One year while I was in college, I was home for Thanksgiving with my mom and my sister. We were merrily cooking away for a group of invited friends when we realized there was no milk in the house. Crisis! Milk is crucial to my mom’s mashed potatoes, so my sister and I went in search of an open market. Safeway, King Soopers, and Albertson’s were all pitch black. Even the 7-Eleven was closed.
Just when we had given up the search and agreed that mashed potatoes really can’t ever be bad, even without milk, we spied a little local gas station with a light on. Inside we grabbed a tiny bottle of milk from the single cooler and commented to the attendant (and owner) that we were surprised to find her open. “You just got lucky ladies,” she said. “I would never be open on Thanksgiving day; it’s a holiday! I just forgot something myself and had to swing by and grab it from the storeroom. I’m locking up again right now.”
That was the 80s. Today, most grocery stores are open on Thanksgiving day, as are some drug stores and liquor stores. While I guess that’s great if you forget the the milk — or the butter, walnuts, mushrooms, brandy, or some other crucial ingredient — I must say it just doesn’t seem like a holiday when people can be busting about getting errands done…
However, as much as I mildly don’t like the open grocery stores, it’s the encroachment of Black Friday that truly upsets me. It might not surprise anyone to learn that I absolutely love Thanksgiving. But what might surprise you is that I don’t actually love Thanksgiving for the food. Don’t get me wrong, I enjoy the meal and am pretty darn proud of my take on cranberry sauce and my extremely delicious stuffing. I love gravy as much as the next person, and I am already dreaming of a my sister’s apple butter custard pie. But as much as I love the eating, it’s the gathering that I really love — the feeling that the day is all about creating a meal together — and maybe watching a little football, taking a walk around the block, and sipping a cocktail or two — while we stir, talk, taste, baste, and generally enjoy not being out in the world.

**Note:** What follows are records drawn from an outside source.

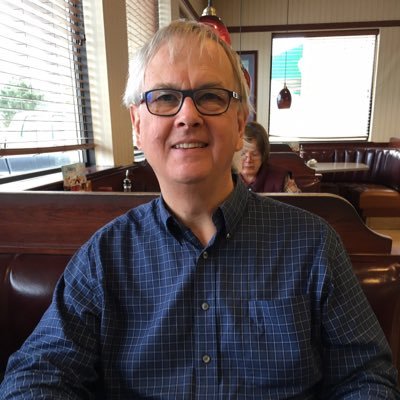 Profile Picture of Mike Thornber (@MikeITI) on Twitter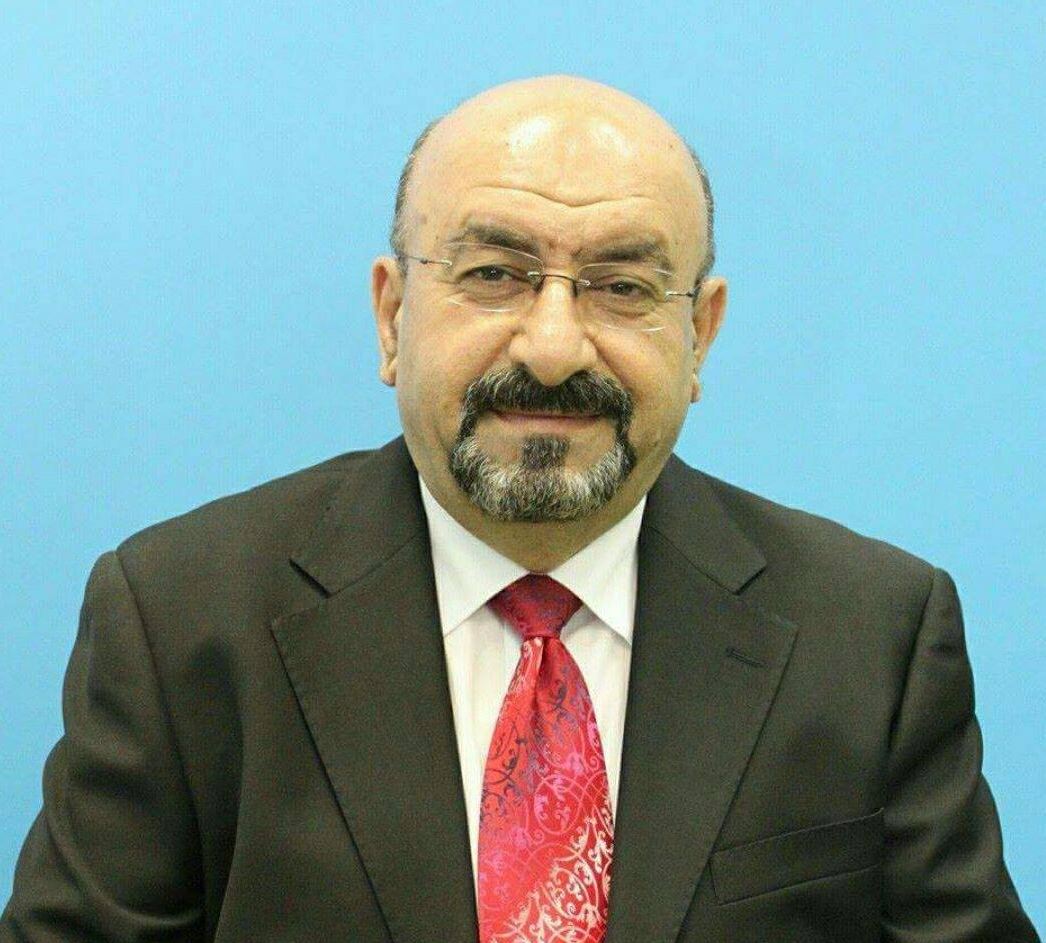 Dr. Reyad El-Khazali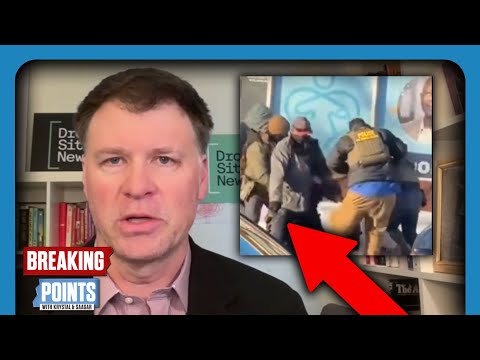 BREAKING: NEW ANGLE ON FATAL ICE SHOOTING IN MN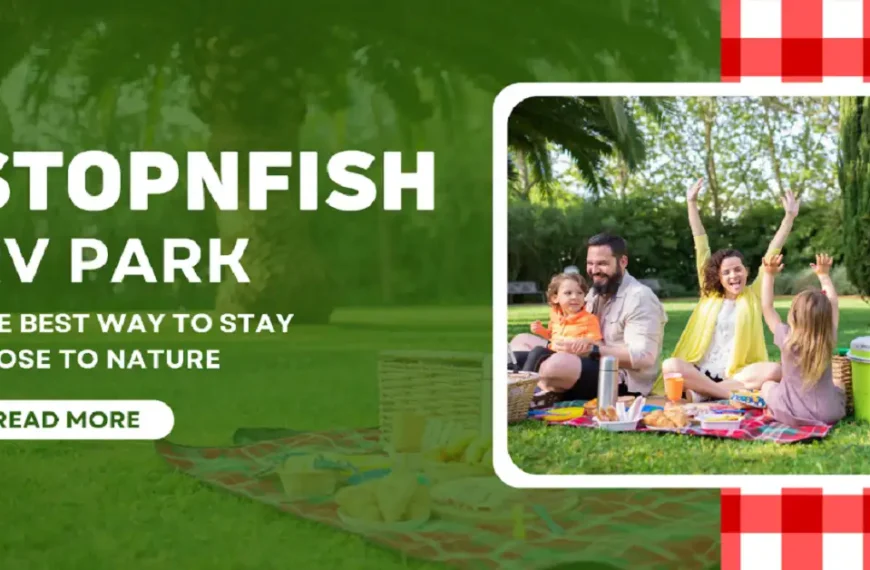 StopnFish RV Park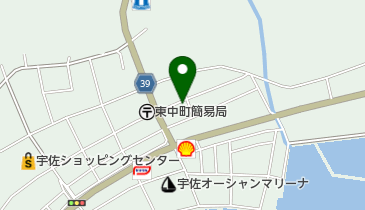 益住設の地図画像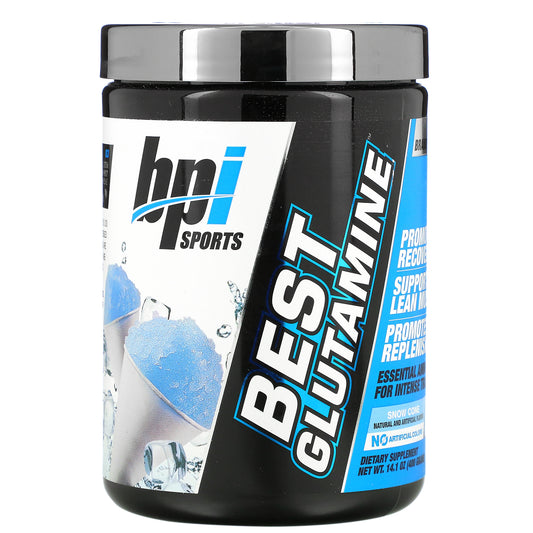 BPI Sports, Best Glutamine, 14.1 oz (400 g)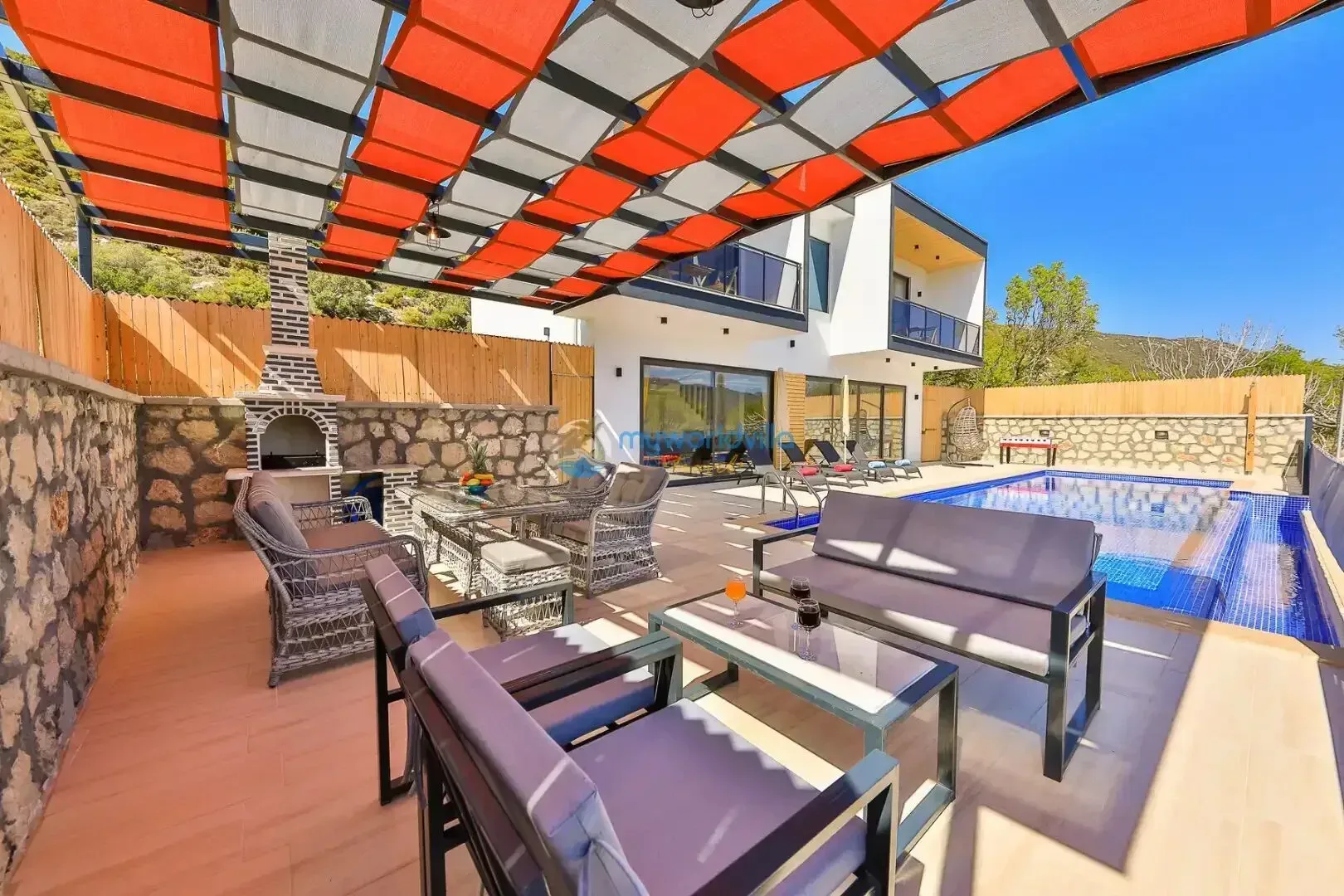 Villa Su Luxury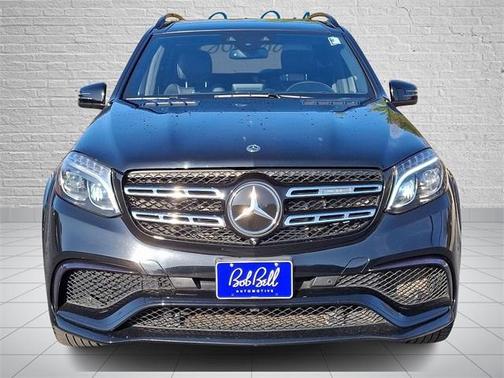 2018 Mercedes-Benz AMG GLS 63 Base 4MATIC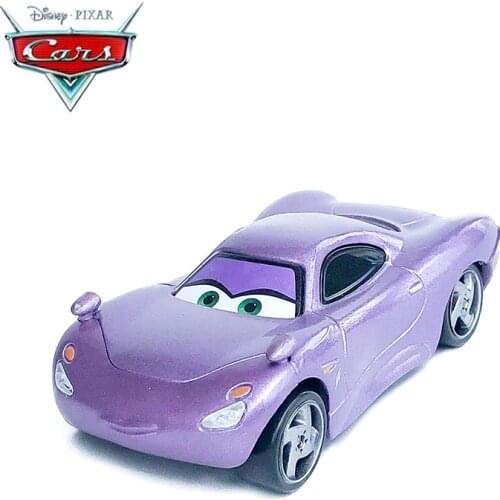 Disney Pixar Cars Diecast Holley Shiftwell Diecast Metal Alloy Mode lCars Disney Car 1:55 Toy Collection Kids Best Gift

When stores open on Thanksgiving for Black Friday sales, it makes me sad for the people who work in those stores and mad at the people who cynically look at Thanksgiving as an opportunity to beat out the competition in the war of “who can sell the most discount TVs and video games.” I mean, Thanksgiving is a tradition that was begun before this country was founded, and one of its most enduring and endearing aspects is that it’s not a shopping-centric holiday — no decorations to speak of, no presents, no roses. Now, though, if we don’t watch it, Thanksgiving could become Black Friday Eve.
So, you might be wondering where I’m going with this rant. Here is where: Don’t do it. Don’t go out there, don’t head to the melee at Toys ‘R Us when you could be eating pie with your family or friends. As wacky and difficult as your people might be, I bet they’re nothing compared to spin through a Wal-Mart swarming with frenzied bargain hunters. Sit down and relax; have an after-dinner drink. Thanksgiving is a holiday all about giving thanks and appreciating the bounty that we already have. Let’s not give those big-box retailers reason to think that we want it turned into a mere prelude to Black Friday, which, let’s face it, is in itself a holiday devoted to celebrating consumerism and the desire for more more more.
I’ve never participated in Black Friday, and this year I’ve decided to not give any more money to stores that start Black Friday on Thursday. I realize this includes my beloved Target, but so be it. Anyone want to join me in saying no to Black Thursday? Because Thanksgiving is sacred. Let’s keep it that way no matter what.
Okay, whew. I feel better.
I hope you have a safe, happy, cozy, and very delicious Thanksgiving!